The Humax Aura – for years the T4-R’s main rival as a Freeview recorder with modern streaming capabilities – was discontinued in January 2026.

Humax Aura 4k freeview recorder on window
The Humax Aura Freeview Recorder

It had been a hybrid box running Android TV alongside Freeview Play, offering recording plus access to streaming apps including Disney+ and YouTube.

It was never quite as reliable as its ambitions suggested, and the major software overhaul Humax hinted at for years never materialised. But its absence leaves a real gap.

Humax’s replacement is the Aura EZ – but as we found in our review, it’s not ready to fill that gap yet. At £249, it combines aerial recording with Freely streaming, but it’s plagued by bugs, and has no third-party streaming apps whatsoever (no Netflix, Disney+, or Prime Video).

Humax Aura EZ box brown hero

We gave it 2.5 out of 5, and in its current state, it’s hard to recommend to anyone who relies on their recorder.

That leaves the T4-R in a curious position: it’s the only Freeview recorder on the market that actually works reliably, day in and day out.

There are a few devices that can record to a USB stick, but for viewers who record regularly, skip adverts, build content libraries, or simply want to watch on their own schedule rather than relying on catch-up windows, it remains the clear choice.

Is It Still Worth Buying?

At the new prices, the T4-R is still a good recorder – just a slightly less immediately compelling one than it was at launch.
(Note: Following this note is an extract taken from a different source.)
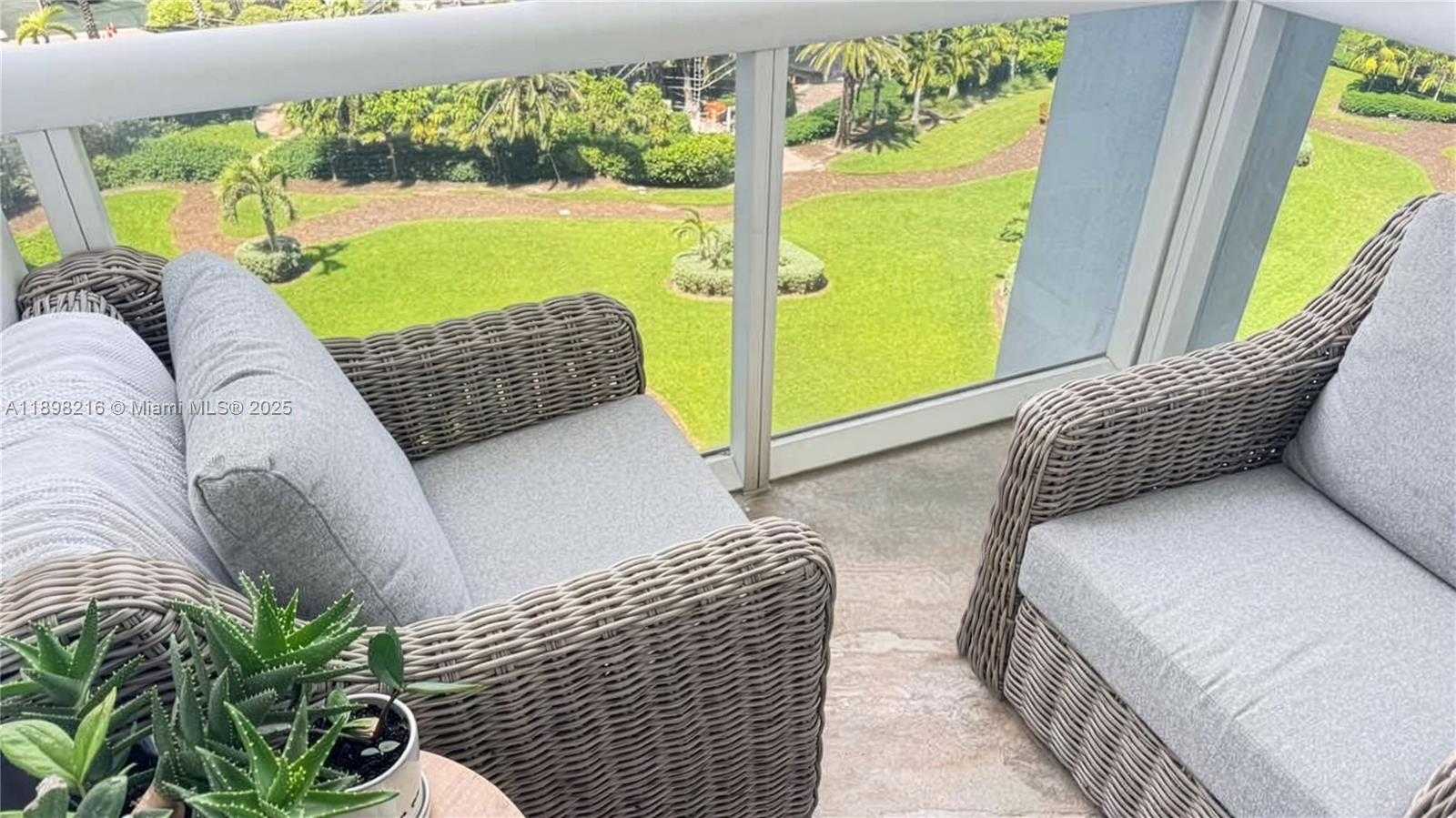 Small Image of 10275 COLLINS AVE #802, Bal Harbour Number 3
The 500GB model at £199.99 has taken the biggest hit, and at that price, it’s worth asking whether the extra £20 to the 1TB model at £219.99 makes more sense for most buyers.
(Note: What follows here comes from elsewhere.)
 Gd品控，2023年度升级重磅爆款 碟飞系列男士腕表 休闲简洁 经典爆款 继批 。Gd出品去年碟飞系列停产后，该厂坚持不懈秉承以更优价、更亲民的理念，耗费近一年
For anyone planning to record regularly, the extra storage gives considerably more breathing room and better long-term value. The 2TB model at £239.99 remains the best option for heavy recorders – and with only a £10 increase from its previous price, it’s the most manageable of the three rises.

There is, though, a bigger question hanging over any Freeview recorder purchase right now – and it’s worth being honest about it.

Freeview isn’t going anywhere imminently. The aerial transmitter network has years of life left in it, and millions of households still rely on it daily.

But the direction of travel is clear: Freely is designed to eventually replace Freeview entirely, streaming is where the broadcasters are investing, and the government has been pushing for an IP switchover by the early 2030s.

In that context, buying a Freeview recorder in 2026 is a bit like buying a very good CD player in the early 2000s – still perfectly sensible for now, but with a built-in expiry date somewhere on the horizon.

That doesn’t make the T4-R a bad buy. If you record regularly, rely on your recorder, and aren’t ready to trust catch-up services to always have what you want when you want it – the T4-R does that job better than anything else currently available.

Just go in with realistic expectations: this is a device for the Freeview years that remain, not for the decade beyond them.